If you were rich - I mean filthy, stinking rich - would there be any limits to what you'd do? Would you ever find yourself getting out your triple platinum American Express card and buying that 44th Alfa Romeo Spider for your huge underground car park because it came in a shade of red that you didn't already have, and think hang on, isn't this a bit self-indulgent?'. Or would you just hang the consequences and buy ten of 'em, just because you could?

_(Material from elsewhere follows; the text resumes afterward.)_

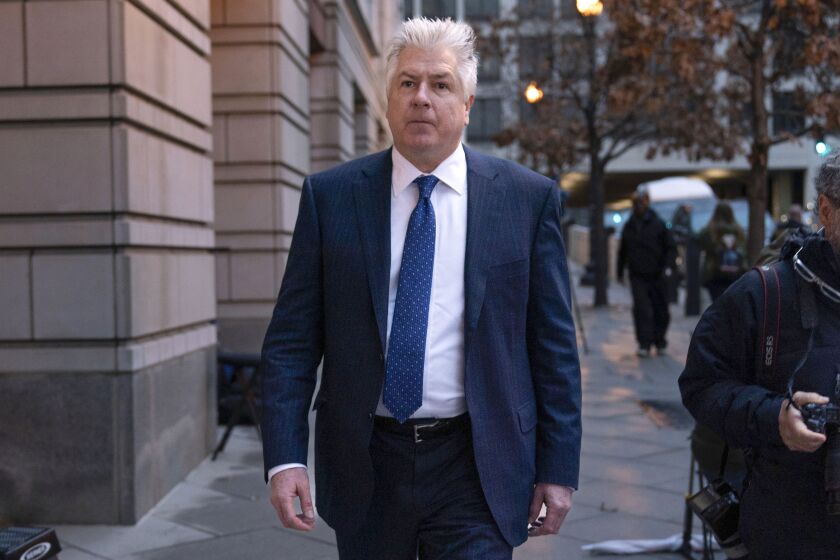 M. Evan Corcoran, an attorney for former President Donald Trump, arrives at federal court in Washington, Friday, March 24, 2023. (AP Photo/Jose Luis Magana)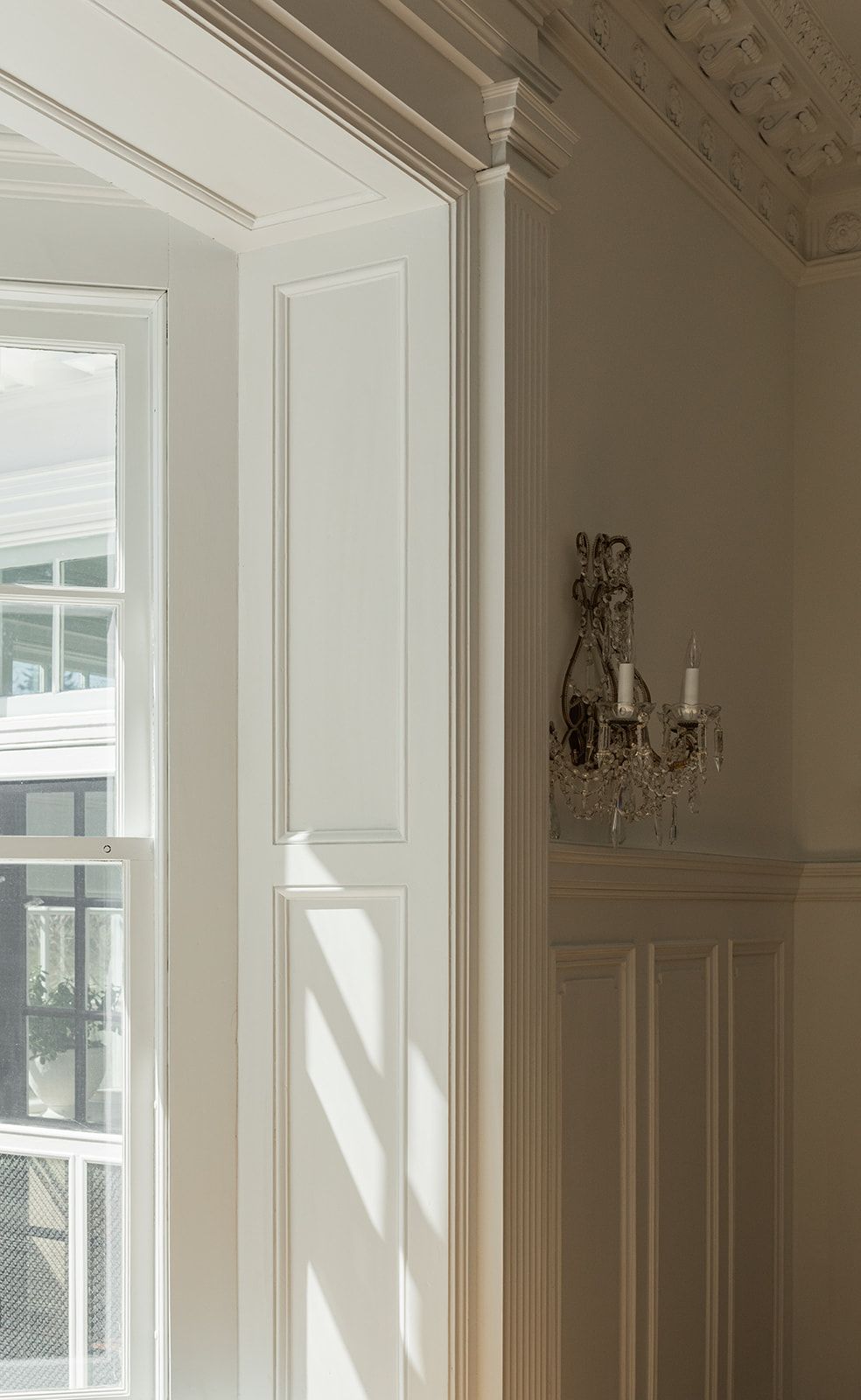 Interior view of an elegant white room with ornate crown molding and a crystal wall sconce.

I don't think I'd like to be that rich. Not because I don't have the imagination to blow huge amounts of money (life-sized chocolate Tyrannosaurus Rex? Lovingly-recreated Mos Eisley spaceport cantina from Star Wars at the bottom of the garden? See, money can buy you happiness) but because I'd probably just feel too guilty at spending colossal amounts of money on really pointless things.

That's not to say I wouldn't spend huge amounts of money on really pointless things, just that there's got to be a line in the sand. Perhaps when that big lottery win comes, you lose all sense of proportion and it doesn't actually cross your mind that a £60,000 bathroom washbasin is probably not much better than, say a £6,000 washbasin, and look how much you could give to charity and still have a pretty outrageous washbasin anyway?

If the fates are reading this (and I know they are), that doesn't mean that I don't actually want to come into some money, by the way, so don't be saying: "Oh, no point Barnett winning the lottery; he won't spend it properly!"

So in which category, I wonder, does the story about Eddie Healey procuring the services of Girls Aloud to entertain him at his birthday party belong?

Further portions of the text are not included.